"Can I ask you a serious question?"
"Oh boy... What's up?"
"How do you do that thing every time you walk in the bar?"
"What thing? Hahaha."
"Where you just make time slow down a little bit and make everyone gawk a little."
I've been sitting on this for a week now. I answered his question with a simple "I'm confident, not cocky. There's a difference. Haha." Quickly followed up by, "I don't know honestly. You make me blush. That's very sweet."

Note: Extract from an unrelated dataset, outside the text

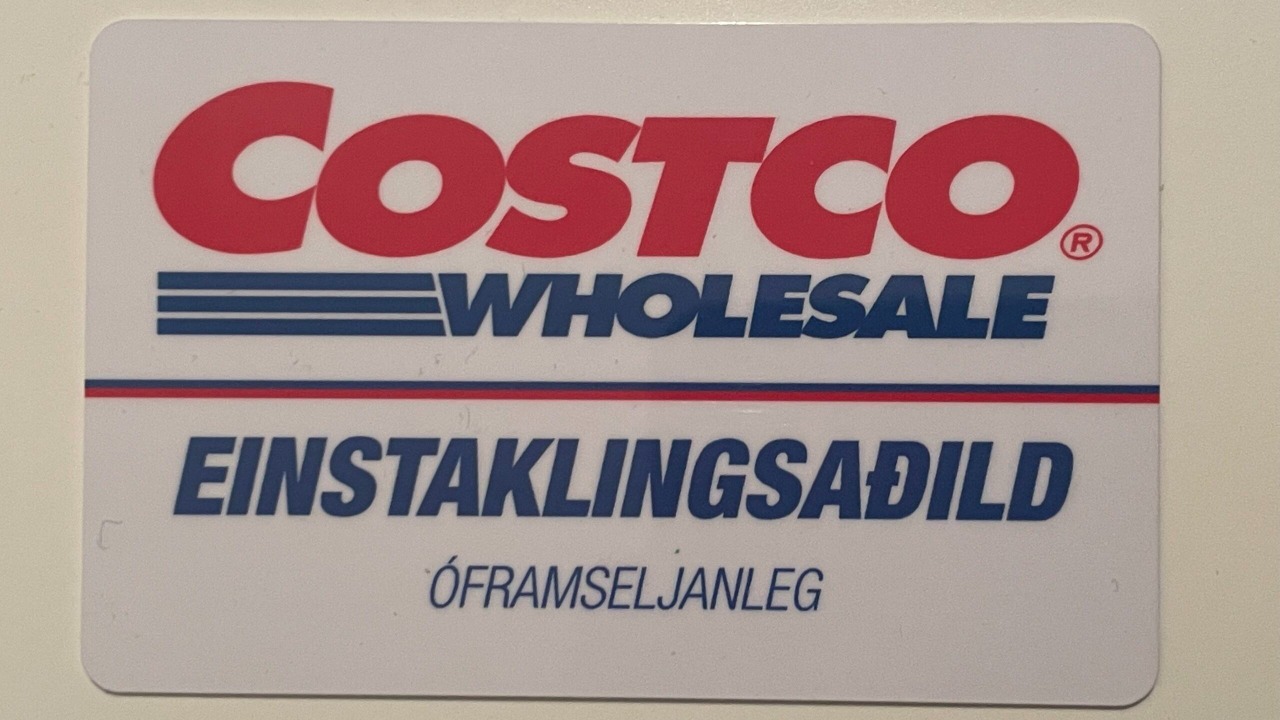 Image Credit: Drumstick21 – CC BY-SA 4.0/Wiki Commons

I've been wrapping my head around this conversation all week trying to figure out why I'm having a range of emotion over such a nice compliment. Is it because It brought me back to that night at the Lake where you sat down next to me and asked if I noticed that people stare at me? And I so openly said yes trying to impress you with my confidence. That I wish I would have been a little more humble about my answer? It was too soon to tell you that I worked really hard to get myself to a place where I'm so comfortable in my own skin and state of being, that people just seem to notice now. Or am I still struggling with the idea that I actually have that affect on people. I've been reeling over the idea that it's just another guy trying to flatter me so I'll sleep with him. Not that I would. But then I remember that he's not the only one that says it. And neither were you. I've just been blocking it out. I've been programed to not believe I have the ability to just draw people in. But why? What happened that I struggle with such a profound compliment? So this is what I came up with.
I made a choice. I chose to live in a world where I allowed the people around me to see me as less than what I knew in my core I was. I wasn't pretty enough, emotionally stable enough, compliant enough, nice enough, laid back enough....It goes on and on. I was walking around feeling like I just wasn't enough. No matter what I did or said, I never felt worthy, valuable, capable, adored or truly loved for who I was. But then again I never felt like I could be who I truly was. But every once in awhile I would catch a quick glimpse of it through other people. This was years ago. I would have people come up to me and compliment me on the light I put out, and tell me to never stop being me because my energy is just so magnetic and contagious. Back then, although it was equally as flattering, I allowed it to go in one ear and out the other because on a daily basis I was being programed to believe otherwise. Whether it was intentional or not, the people I had myself surrounded by on a regular basis were surely saying and doing things that made me feel quite opposite. This was my fault. I was allowing it. I was allowing myself to believe something that to my core, was not true. So when I had people come up to me that I didn't normally engage with, saying all these nice things, I guess I just didn't believe it. But it got my attention enough to realize I have the ability to change my narrative. So I did. I made a very conscious decision to stay completely and utterly authentic. That changed my whole world.
So now, when I get asked this question, it really does stop me dead in my tracks. I don't think anyone will ever truly understand how overwhelming it is for me to have someone ask me this. It's quite humbling, really. Because I still have days where I struggle with whether or not I'm good enough for anything. But to know that even if it has to be a day by day, or even moment by moment basis, I'm doing the best I can to make sure I'm staying true to who I know I am. And that I don't need anyones approval or validation to be happy and whole. That's why I say confidence, not cocky. Maybe that's my way of reminding myself out loud that it's ok to be confident and that it doesn't have to mean I'm conceded. So maybe that's how I do it. I'm not sure I'll ever really know. But I know I like where I am now better than where I was before. And for me, that is enough.